Plus d’un demi-siècle plus tard, les choses ont changé radicalement. Fini la fête, place à la misère. Petite, corpulente et affublée de lunettes pour hypermétropes, Aïda porte avec courage le fardeau de ses 80 ans approximatifs (elle croit en avoir un peu plus). L’ancienne chikha, qui a pris sa retraite depuis longtemps, vit dans des conditions déplorables mais garde toujours la tête haute en souvenir des années fastes. Une attitude qu’elle partage d’ailleurs avec sa plus ancienne et brillante disciple, Chikha Fatima Chahba (la blonde).
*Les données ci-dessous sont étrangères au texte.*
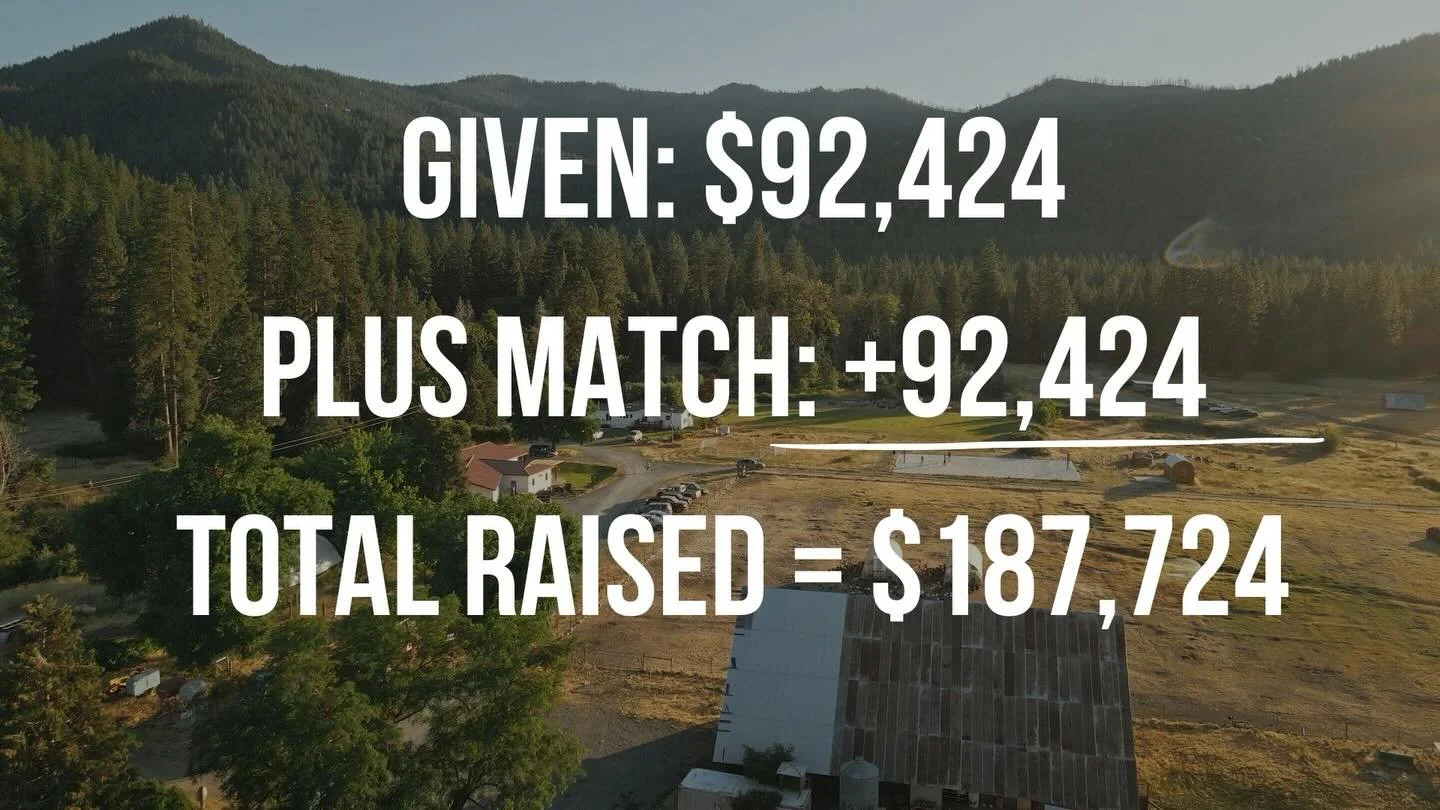 Yesterday was an incredible day &mdash; it was the biggest Giving Tuesday in Rockside Ranch history! 🙏 Over 155 people gave $92,424. These dollars were matched, which means $187,724 was given to scholarships. 
❤️❤️❤️
THANK YOU from the bottom of our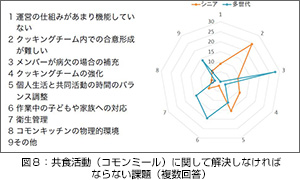 fig7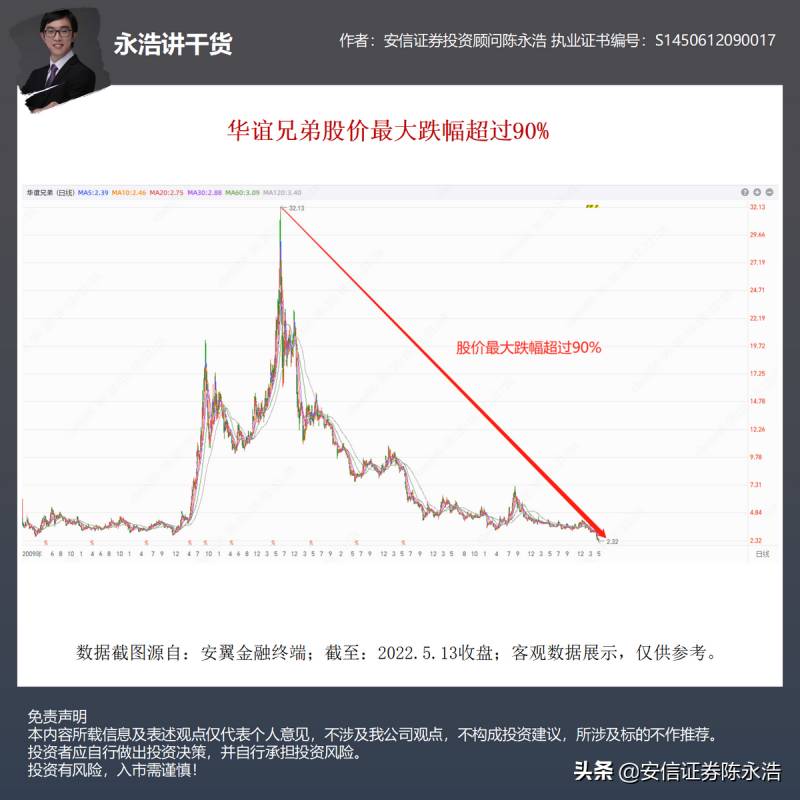 华谊集团股票现在的价格是多少华谊兄弟刚上市的股价？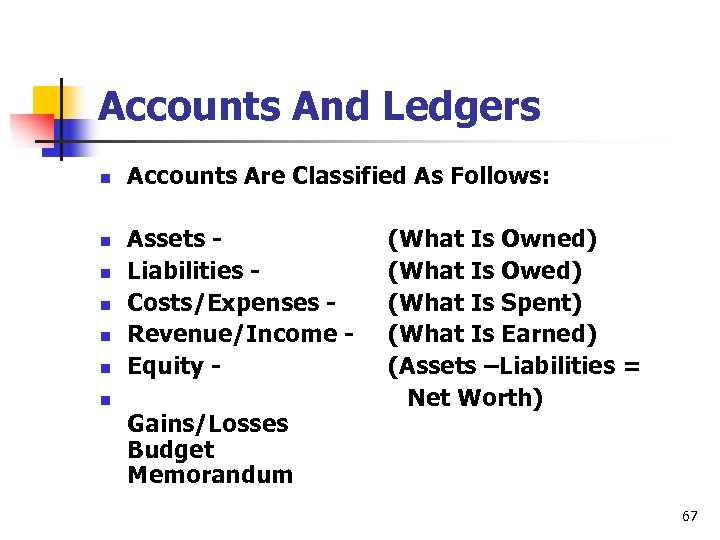 Accounts And Ledgers n n n n Accounts Are Classified As Follows: Assets Liabilities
Leitmotiv : “nachat ou zhou”
Aïda nous reçoit autour d’un thé dans sa modeste demeure, dans le quartier populaire Moulay El Hassan à Safi, et remonte le temps pour ressasser l’âge d’or de la aïta. Au commencement était Sebt Gzoula (dans les environs de Safi). Orpheline, Aïda vit avec ses frères. A 12 ans, elle est choisie pour devenir la deuxième épouse d’un homme plus âgé qu’elle. Maltraitée, elle s’enfuit au bout d’une année. Elle trouve refuge chez sa tante et finit par vivre en concubinage avec un homme “de la campagne”. Très jeune, elle a compris que sa passion est “nachat ou zhou” [que l’on pourrait traduire par la fête et la débauche]. Son entrée dans le monde des chikhate se fait par les mariages. “Les invités partaient et moi je continuais à jouer avec lâabate (les musiciennes)”, raconte-t-elle. A Douar Beni Ayach (pas loin de Safi), elle est repérée au cours d’une soirée par Cheikh Mohamed Daâbaji, un musicien mais aussi une encyclopédie de la aïta.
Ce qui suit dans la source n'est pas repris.